> **Your goal**:
Only the lines from the start of the entries up to and including the line with "2024 LAMBORGHINI HURACAN STERRATO" should be written out, exactly as they stand.

=======

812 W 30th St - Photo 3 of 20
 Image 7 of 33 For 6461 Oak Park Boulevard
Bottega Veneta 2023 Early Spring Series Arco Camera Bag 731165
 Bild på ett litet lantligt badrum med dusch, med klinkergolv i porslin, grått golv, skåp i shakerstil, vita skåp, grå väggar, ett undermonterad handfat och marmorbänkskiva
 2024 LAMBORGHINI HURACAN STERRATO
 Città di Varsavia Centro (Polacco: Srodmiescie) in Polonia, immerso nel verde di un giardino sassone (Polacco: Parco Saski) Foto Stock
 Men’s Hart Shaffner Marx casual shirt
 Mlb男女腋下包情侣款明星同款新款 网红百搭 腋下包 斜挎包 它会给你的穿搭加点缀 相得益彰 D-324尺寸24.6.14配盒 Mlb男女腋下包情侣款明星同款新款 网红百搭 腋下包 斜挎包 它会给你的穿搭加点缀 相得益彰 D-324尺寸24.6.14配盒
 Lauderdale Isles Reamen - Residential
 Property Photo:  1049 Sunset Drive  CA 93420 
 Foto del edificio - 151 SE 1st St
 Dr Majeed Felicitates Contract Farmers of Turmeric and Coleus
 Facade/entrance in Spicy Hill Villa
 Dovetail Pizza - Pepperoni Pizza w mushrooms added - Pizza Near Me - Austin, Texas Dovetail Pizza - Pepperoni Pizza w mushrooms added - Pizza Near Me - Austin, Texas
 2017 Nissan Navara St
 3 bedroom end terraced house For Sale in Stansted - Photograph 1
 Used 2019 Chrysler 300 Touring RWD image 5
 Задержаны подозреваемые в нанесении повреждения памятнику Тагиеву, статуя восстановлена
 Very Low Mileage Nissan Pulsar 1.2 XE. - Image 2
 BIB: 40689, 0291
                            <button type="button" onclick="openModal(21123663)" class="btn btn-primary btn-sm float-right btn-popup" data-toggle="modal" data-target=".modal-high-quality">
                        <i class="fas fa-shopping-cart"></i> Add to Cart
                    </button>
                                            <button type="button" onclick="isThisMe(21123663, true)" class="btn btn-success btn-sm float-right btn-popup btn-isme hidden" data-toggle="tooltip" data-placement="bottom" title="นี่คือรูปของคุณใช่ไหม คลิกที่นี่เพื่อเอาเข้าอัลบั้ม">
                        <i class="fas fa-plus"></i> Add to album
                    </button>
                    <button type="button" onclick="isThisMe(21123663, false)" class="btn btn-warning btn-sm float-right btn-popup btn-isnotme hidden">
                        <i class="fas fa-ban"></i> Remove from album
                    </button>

=======

> **Your response**:
812 W 30th St - Photo 3 of 20
 Image 7 of 33 For 6461 Oak Park Boulevard
Bottega Veneta 2023 Early Spring Series Arco Camera Bag 731165
 Bild på ett litet lantligt badrum med dusch, med klinkergolv i porslin, grått golv, skåp i shakerstil, vita skåp, grå väggar, ett undermonterad handfat och marmorbänkskiva
 2024 LAMBORGHINI HURACAN STERRATO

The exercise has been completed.